As repetition is inherent in the formal structure of the frieze, so to it is inherent in the structure of ritual associated with the temple. Significantly, the Roman calendar does not record the year that the dies natalis first occurred, only the day of the year, again emphasizing ritual repetition over the first, or any single, performance of sacrifice.

Moreover, the calendar was much more than a storage device recording religious knowledge; it provided a guide to ongoing religious veneration and a structure around which the rituals of the divi and of the Roman state as a whole ensured the performance of remembrance and religious obligations (Williams 2003, 227-31). Time at Rome was a culturally embedded system that relied upon a linear history of military victories, temple dedications and sacrifices, birthdays, adoptions, and senatorial decrees alongside the annual calendar of cyclical time (Laurence and Smith 1995-1996, 133). The calendar inscribed, literally and metaphorically, the eternal, timeless divi into a cyclical time that already included the other state gods. Through the horizontal linear format of the frieze along each lateral side of the temple, punctuated by sequences of objects that repeated in their entirety, the form of the frieze reflected the historical (linear) and cyclical (repeating) nature of Roman religion.

Variation in object detail between the two possible frieze sequences parallels the variation in word order that rhetoricians advocated to provide novelty in repetition (Quintilian Inst. 2.13.8-10). Repetition of the same meaning in speech with a different word form that stands in equivalence with the original is known as synonymous repetition and is intended to intensify the expression (Lausberg 1998, 292). In this case, the frieze incorporates highly particularized object details that differ between the sequences (rather than the schematization of objects frequently evident in other groupings of sacred implements such as those on funerary altars of the Roman Imperial period) to further suggest individual ritual events.

For example, the bucrania adorning the in situ architrave section vary in the configuration of the infula and the number of sections hanging from the skull's horns. The jug in each sequence bears relief decoration in two registers.

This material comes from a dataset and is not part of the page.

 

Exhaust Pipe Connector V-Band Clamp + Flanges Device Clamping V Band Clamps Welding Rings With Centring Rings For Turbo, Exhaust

On the Tabularium example bestiaries with a lance confronts a lion and a leopard in the top register, and the lower register contains an antithetical rhinoceros and a bull. In the in situ example a row of satyrs adorns the upper register, while a winged horse alights in the bottom register. Similarly, varied in decorative and symbolic detail, the paterae with heads of Zeus Ammon (in situ) and Medusa with surrounding leaf patterns (restored fragment in the Tabularium), may be modeled on actual or typical examples in metal (De Angeli 1992, 147). Other decorative embellishments such as the lion's head protome of the culter, suggest fine craftsmanship of the objects represented, and thus their intention for an elite patron rather than mass production. In other words, even though it is impossible to know whether the representations in the frieze were of real objects used in connection with cult ritual at the temple, the high quality and sophistication of the objects represented suggests their production specifically for ceremonial and ritual use.

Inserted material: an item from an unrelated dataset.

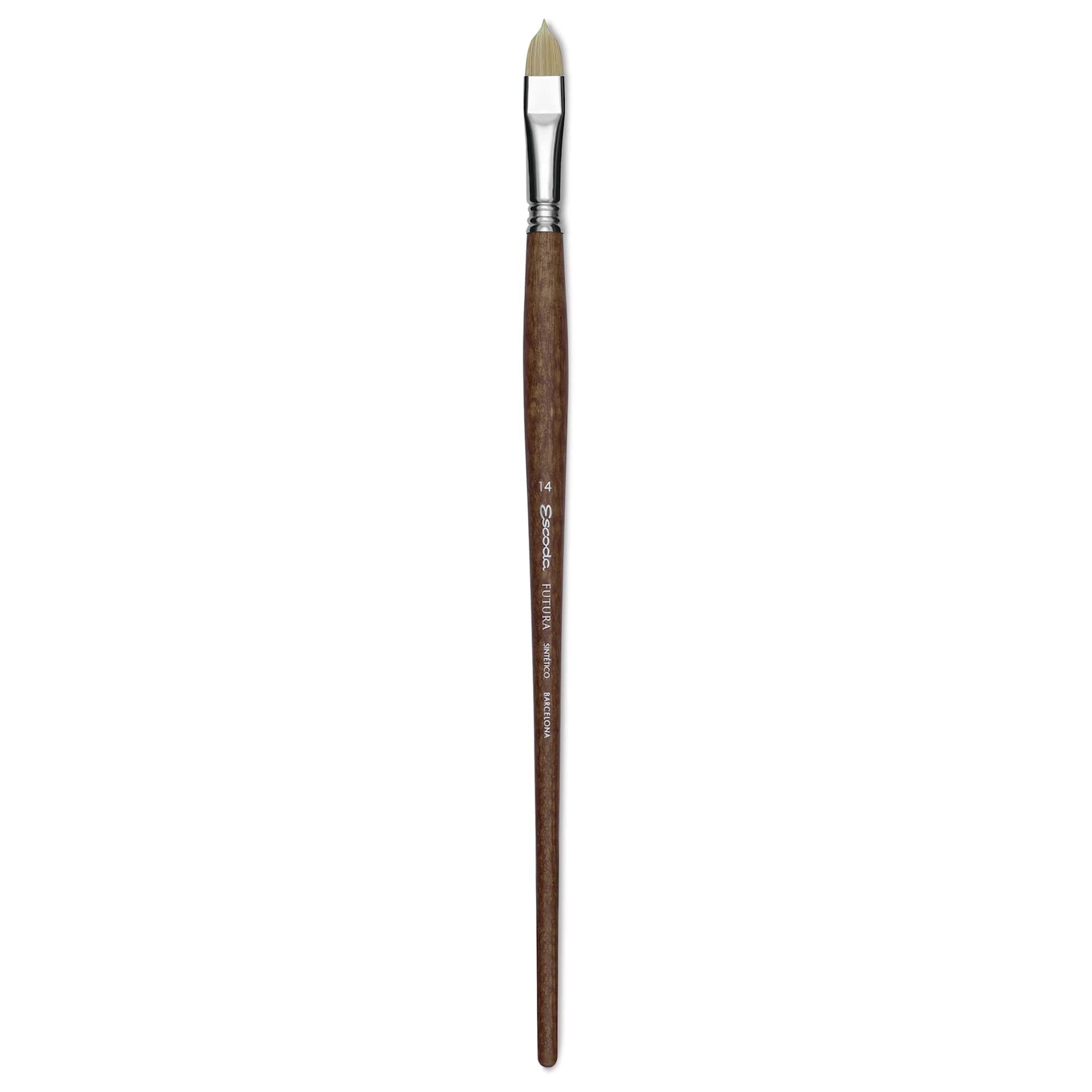 Escoda Futura Synthetic Bristle Brush - Series 5410, Short Filbert, Size 14, Long Handle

Also contributing to a performative understanding of the frieze is the dynamism of the objects, a characteristic first noted and described by La Follette. Elements of the composition imply movement and action. Seeming to tilt slightly, the bucrania are not perfectly symmetrical. Sections of fillet hanging down on either side of the skulls differ in length and the loops of the fillet hanging from the horns fall at different angles, appearing to sway as though responding to forward motion. The jugs are not static but tipped to the side, as though someone was in the act of using them and the liquid on the verge of spilling from the spouts. Also arranged obliquely to the ground line, the culter with lion's head protome on the handle implies an unseen hand about to wield it on the sacrificial victim. Finally, the wavy tail of the aspergillum seems to quiver with movement as though being shaken. Only the securis rests on the ground line, however even it remains physically and visually connected to the malleus, which is placed behind it to create overlapping space that confirms for the viewer that these objects exist in three dimensions.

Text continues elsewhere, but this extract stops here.